You can however also provide some sort of generator for that. But anyways, the second layer will contain those structs if you need  a simple solution.
Also, you would be able to also only just use the struct mapping without the actual Direct3D/COM class hierarchy also provided by the second layer.

So, it feels like there should really be three layers: JNI-functions, struct mapping and Direct3D/COM inheritance hierarchy.

So maybe a good step will be to split the already existing lwjgl-d3d11 project into three projects. Or just have different packages for the three layers in the existing project. I don't know. Let's see what feels better. In the end, it will just be a deployment issue to hand three different jars to the end-users.

Cheers,
Kai

spasi

It sounds like the low-level API and structs should already by supported by the LWJGL bindings generator. Is there some functionality you're missing?

The struct classes that LWJGL currently generates, come with both a static API (that can be used to safely read/write ByteBuffers) and an OO-style API (a simple instance that wraps a ByteBuffer). Note that both styles are in a prototype stage and there hasn't been much effort to make them nicer. It hasn't been a priority, but I will spend more time on it and I'm open to suggestions and ideas.

Kai

I haven't used the LWJGL bindings generator for those low-level JNI functions currently. I don't know whether something might be missing. I definitely have to make use of it and learn it more, though. :)

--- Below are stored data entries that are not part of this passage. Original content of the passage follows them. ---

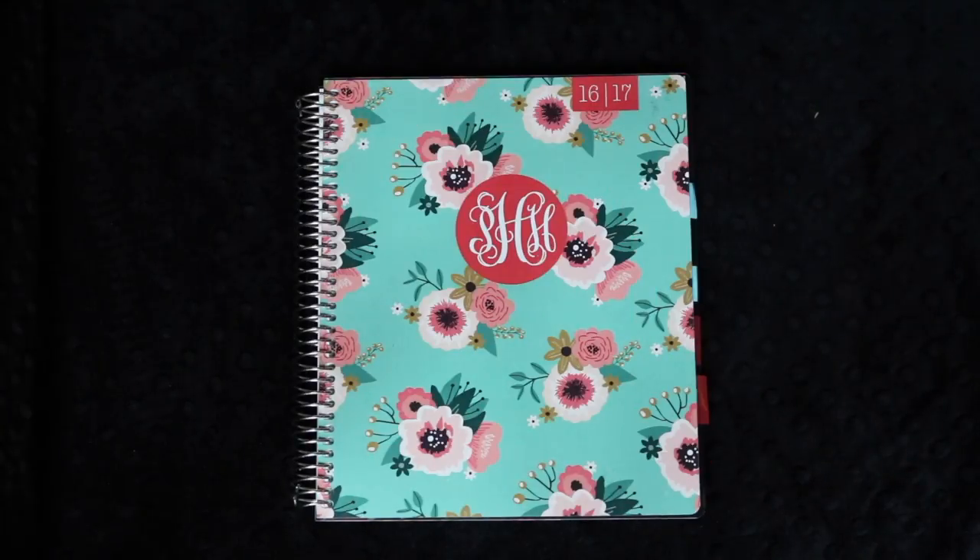Hi everyone, welcome back to Project Happy Home. I'm Tanya and today I'm doing a follow-up review of the Plum Paper Student Planner. That's like a tongue twister.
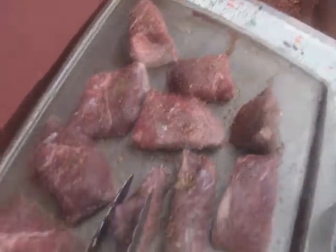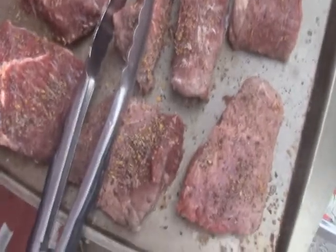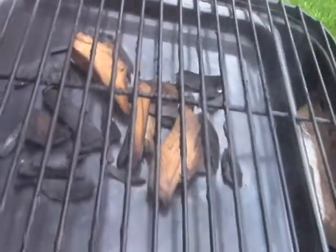Hi guys, good evening. I've got a dozen little top sirloin steaks here, got them for a real good price - about four dollars a pound. I've given them a good dry rub with Montreal steak seasoning and I've got some apple chips going in my little gas grill, turned all the way down so I cook these steaks as low and slow as I can. We're going to put them on and see how we do, and I'll show you what I do with them. We're going to eat one tonight for supper.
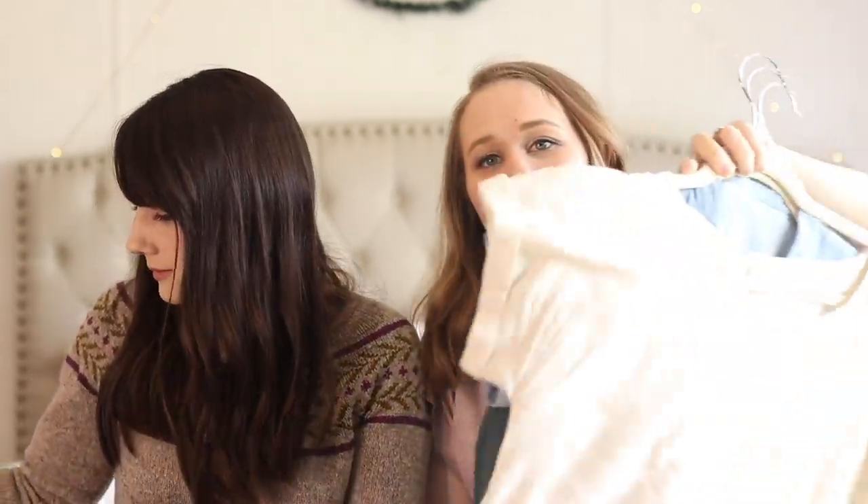Our clothes are all kind of wrinkly because Rachel had to put her stuff in a bag to come here to my house, and mine just came out of the dryer. Here's my stack — and it's not even all of it because I've made some stuff for my kids. I have like three things in what I'm wearing. So why don't we start with what we're wearing?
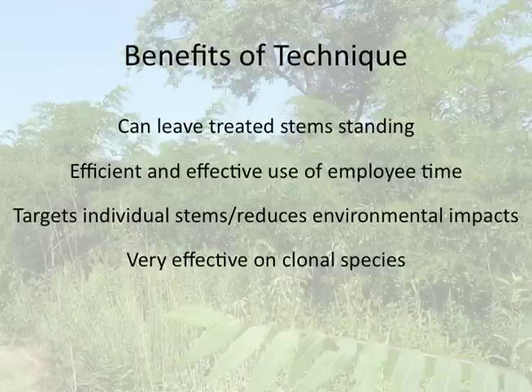The basal bark application technique has several advantages. First, it's a labor saver because you can treat the standing live stem and avoid the labor costs of cutting, stacking, and hauling brush — thus, it's an efficient use of employee time. Also, because the technique targets individual stems, it reduces impact to non-target species and minimizes impacts on soil and water. On top of all this, it's a very effective technique on clonal species.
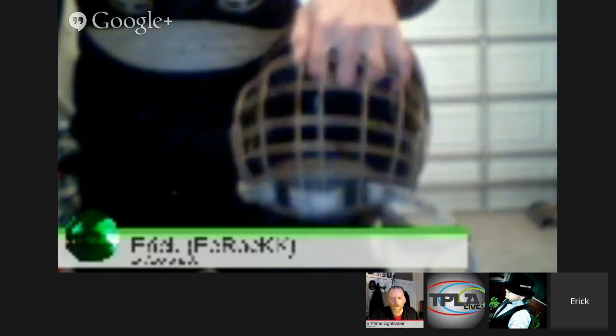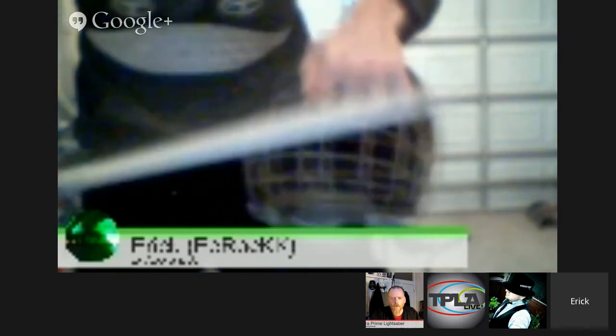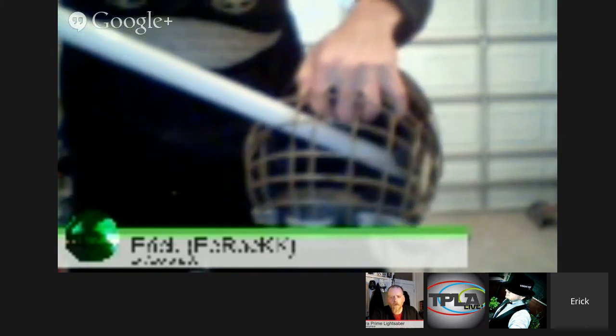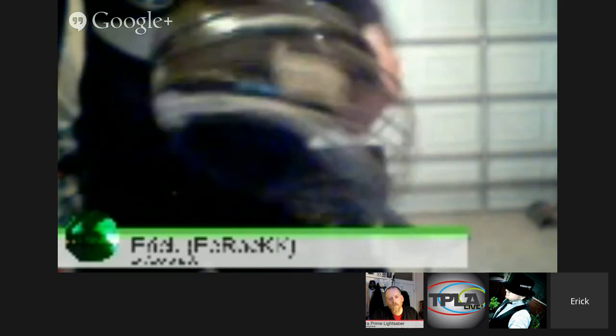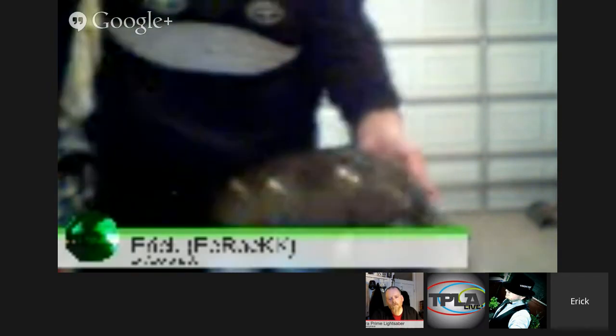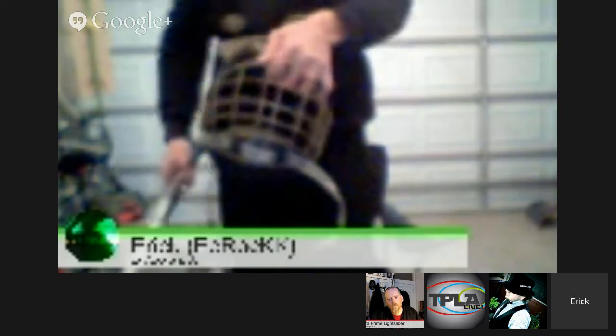Eric: I have a hockey helmet here with a grill. The problem — just like you mentioned — these are great for impacts, but the blade goes right through the holes and becomes a face wrecker. And then trying to get the blade out wrecks the face further. It's nice for a shot to the head, but if you get stabbed by accident, that's a dicey trip to the hospital.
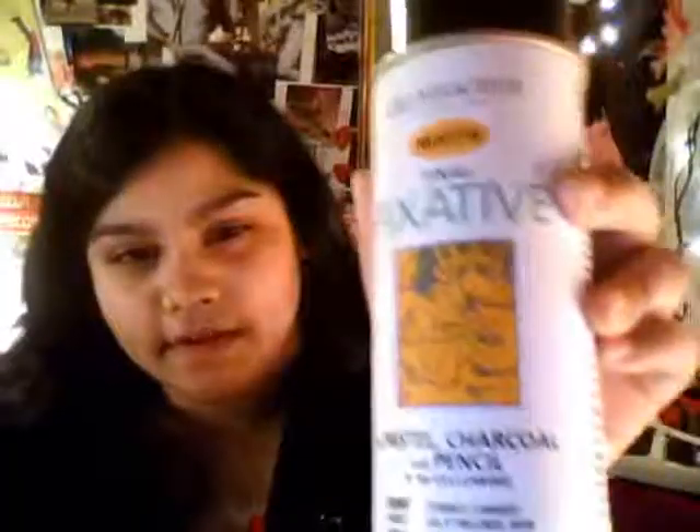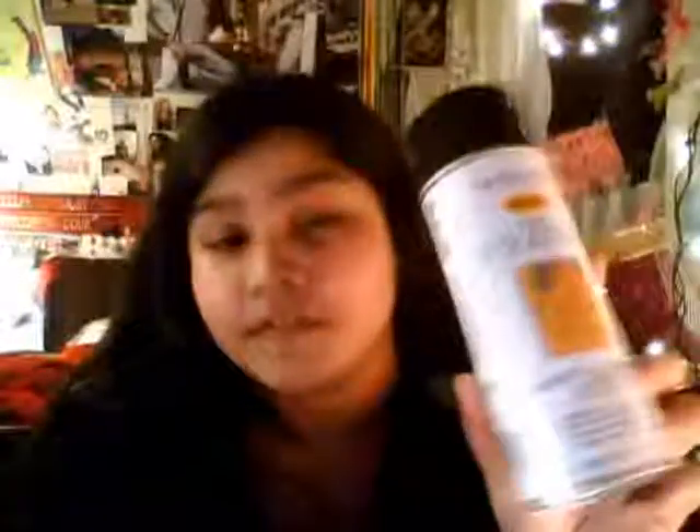The final fixative — I'm just going to hold it up so you can see it. This actually really surpassed my expectations. I was really happy with the way that it went. The pieces are not smudged at all — they're completely fixed and they look totally perfect. They're not smudged. If you need this and you're doing any kind of drawing, no matter if you're going to display your art or not, I definitely recommend this. It does a good job of keeping the work looking like the first day you completed it. Five stars to the Grumbacher final fixative matte.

Regarding the structs, I would very much like the Kotlin generator to provide some mechanism for memory management when dealing with pointers to other structs and non-primitive types (such as strings) as struct members.

What I am thinking of is that LWJGL also provides runtime support classes for taking a struct with typed members, like java.lang.String and as it "serializes" the members into a ByteBuffer, it calling back to the user to provide ByteBuffer space for the struct members.

But that is definitely "one level above" the simple "just handle pointers as ByteBuffer and void** as PointerBuffer".

I am currently trying to do exactly that with the "StructUtils" class in the d3d11 binding. I imagine having such a kind of runtime support class for "serializing" a deep struct with pointers into ByteBuffer(s).
But currently, also that StructUtils class does not feature "following" String or array members and serializing them into ByteBuffer(s). And also the StructUtils class has some deep knowledge of how struct members are actually packed in memory by msvc (or actually as defined by the application binary interface of Windows on x86 and ia64, so that should stay constant) depending on the member size and offset.
That seemed to be the best option for me at the moment I needed it. Can also do something entirely different, though.

mudlee

Just a humble question here: will there be DX wrapper in lwjgl? I found no other newer threa and I didn't want to create a new one.